Saint-Gaudens (/fr/; Sent-Gaudenç) is a commune and a sub-prefecture of the Haute-Garonne department in southwestern France.

Saint-Gaudens lies at an altitude of 405 m on a ledge overlooking the valley of the Garonne. It faces the Pyrenees and is a natural crossroads for routes between the Atlantic and the Mediterranean and between Toulouse and the Val d'Aran in Catalonia.
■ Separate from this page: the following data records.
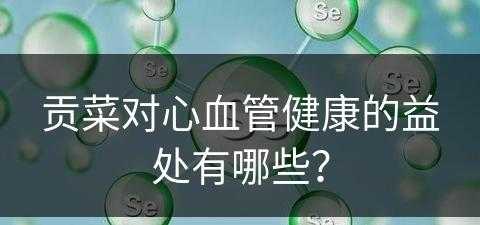 贡菜对心血管健康的益处有哪些？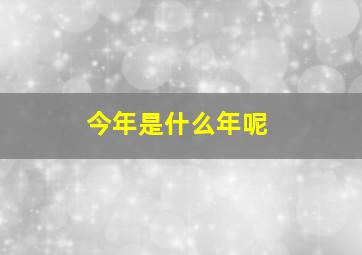 今年是什么年呢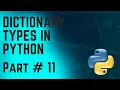 Dictionary Types in python Part 11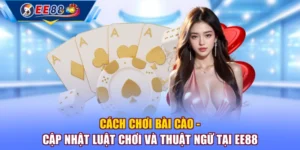 Cách Chơi Bài Cào - Cập Nhật Luật Chơi Và Thuật Ngữ Tại EE88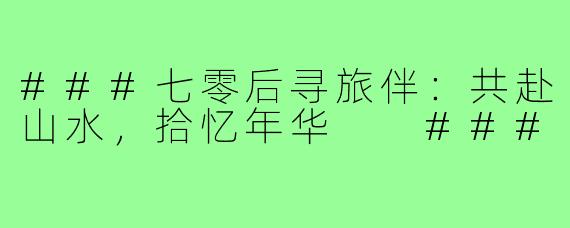 ###七零后寻旅伴：共赴山水，拾忆年华

###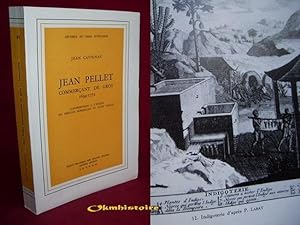 JEAN PELLET commerçant de Gros 1694-1772. Contribution à l'étude du négoce bordelais au XVIII siè...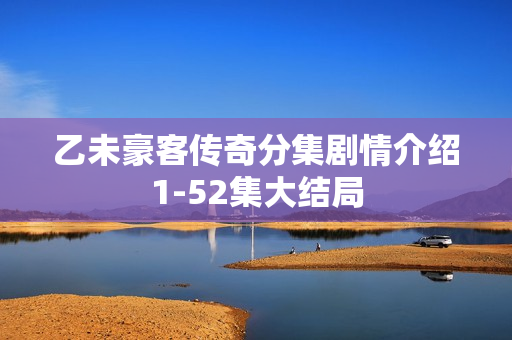乙未豪客传奇分集剧情介绍1-52集大结局 乙未豪客传奇分集剧情介绍1-52集大结局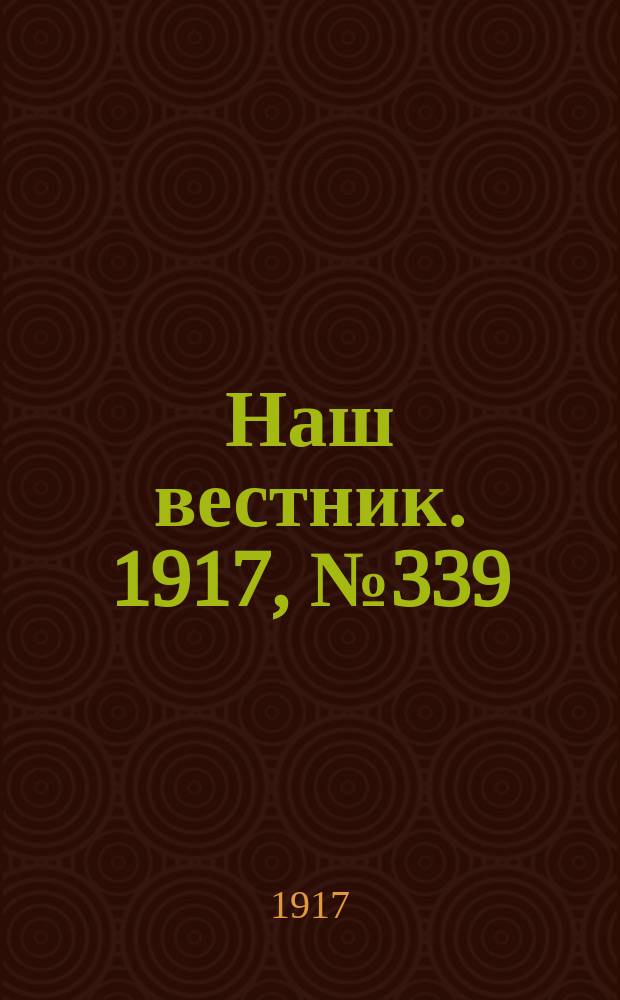 Наш вестник. 1917, №339 (20 апр.)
Saint-Gaudens station has rail connections to Toulouse, Bayonne, Pau and Tarbes.

==History==
Saint-Gaudens has been inhabited since ancient times (traces of the Iron Age and of Roman occupation) and was originally called Mas-Saint-Pierre, before taking the name of the young shepherd, Gaudens, martyred by the Visigoths at the end of the 5th century for refusing to renounce his faith.

The town later developed around the 11th century Romanesque church. It was granted its city charter in 1202 and became the capital of the Nébouzan area, protected by solid ramparts. As an important regional marketplace, Saint-Gaudens became the economic capital of the Comminges.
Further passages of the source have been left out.